Jayneen Sanders talks about how to teach your kids to protect themselves against sexual abuse.
As I find myself, and the children’s book I have written, more and more in the media, I find I am well and truly out of my comfort zone. I am by no means media savvy. Prior to the book’s publication, I have never spoken on the radio (well, once on talkback and I became so nervous I hung up) or been on TV. I am just your ordinary, everyday mother of three and primary school teacher. So when asked to talk on radio or television my nerves really start to kick in, and I am well and truly out of my comfort zone.

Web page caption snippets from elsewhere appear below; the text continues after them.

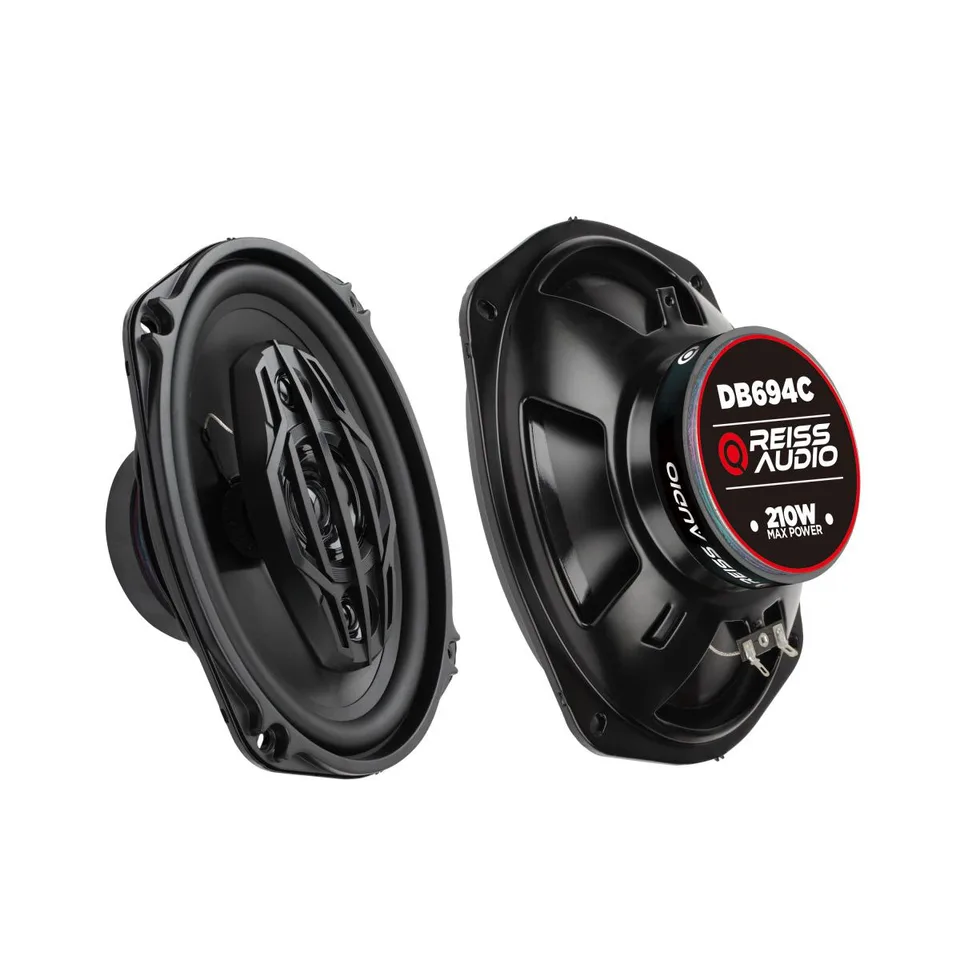 Reiss Audio RS-DB694C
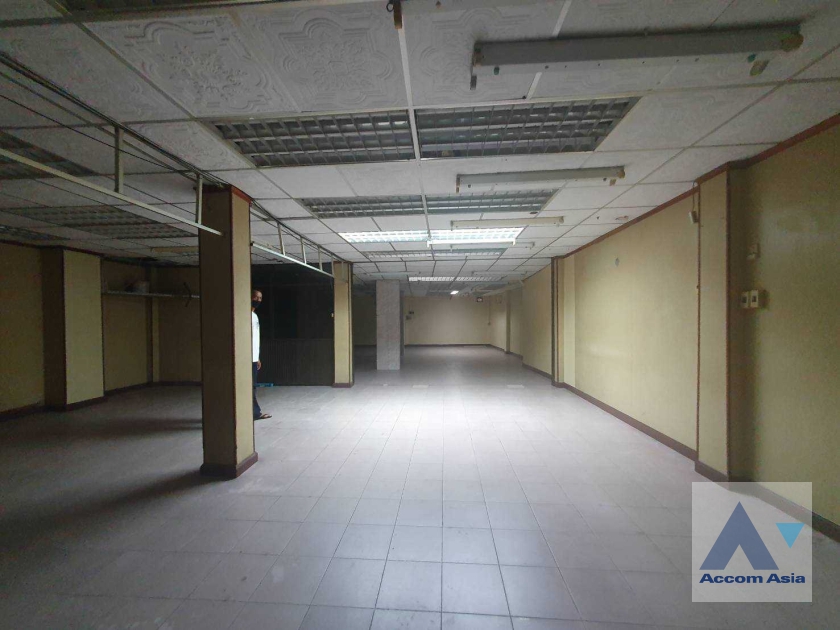 4  Land For Sale in Sukhumvit ,Bangkok BTS Phra khanong AA35285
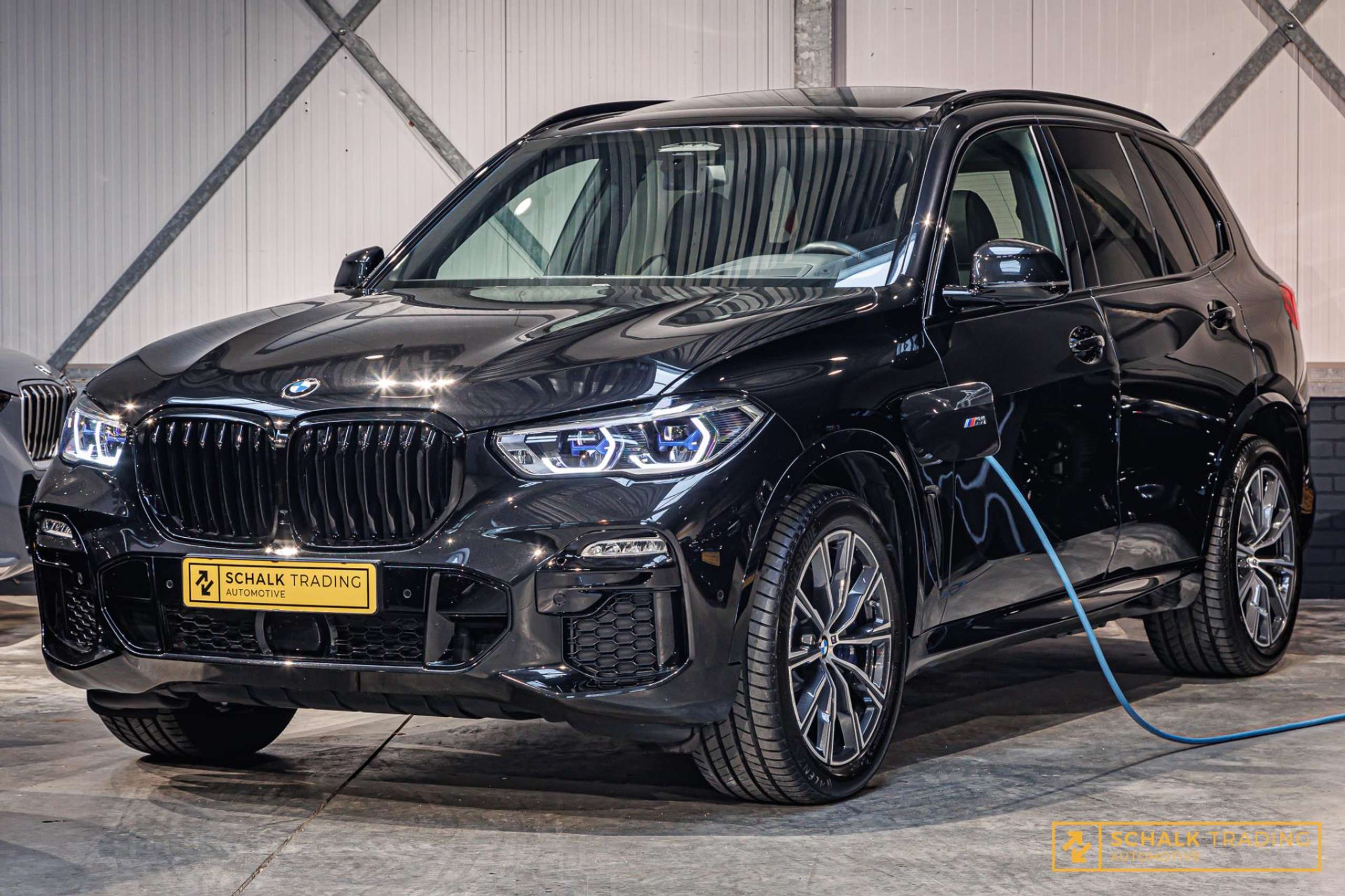 BMW - X5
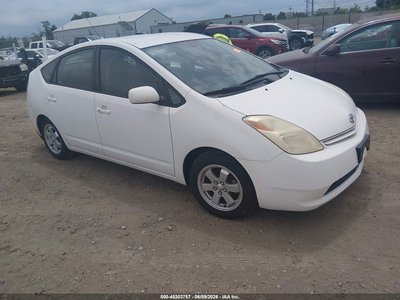 2004 Toyota Prius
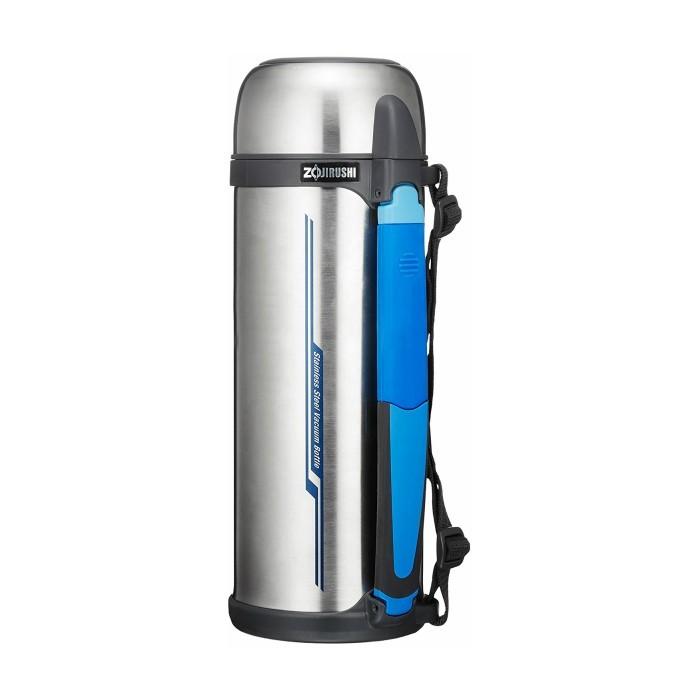 象印（ZOJIRUSHI） 水筒 子供 大人 保温 保冷 おしゃれ 2L 2リットル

But I tell myself to be brave, you can do this, you have something important to say.
My book, Some Secrets Should Never Be Kept is a book about empowering children and teaching them that their body is their body, and no-one has the right to touch it. Okay, let’s be honest: what it’s really about is sexual abuse prevention, and that takes everyone out of their comfort zone. Parents in particular. Nobody wants to imagine that their child could ever be a victim of sexual abuse. But I am asking you to come out of your comfort zone and take your head out of the sand. With 1 in 4 girls and 1 in 7 boys being sexually abused before they reach 18, we can no longer ignore the elephant in the room. Most parents, when confronted with these statistics, twitch a little, look very uncomfortable and avoid eye contact, but what they are secretly saying to themselves is “That could never possibly happen to my child.” Wrong. 93% of kids know their perpetrator. It is most often someone they know well and trust in their immediate or extended family and community. Remember perpetrators groom both the parents and their children, and they are VERY skilled at it.
So let’s be honest with ourselves and look this issue square in the eye. We are not always there to watch over our kids: the first sleepover, the first school camp, the first camping trip with the neighbors, were you there? Everyone I know is comfortable with teaching water safety and road safety to their children. Not a problem. You teach your child to swim, just in case they find themselves in deep water when you’re not there. You teach them to cross the road, just in case they have to cross a busy street without you. But…do you teach your child body safety just in case someone touches them inappropriately when you’re not there? Or, do they just have to work out its wrong on their own? Rest assured the perpetrator will be telling them it’s our special secret and they must never tell anyone or … Does your child know to say, “Stop!” in a confident voice, “My body is my body and you can’t touch it!”? Does your child know to tell someone they trust about the violation straightaway, and to keep on telling until they are believed?
If the answers to these questions are “no”, then it’s time to take yourself out of your comfort zone and act!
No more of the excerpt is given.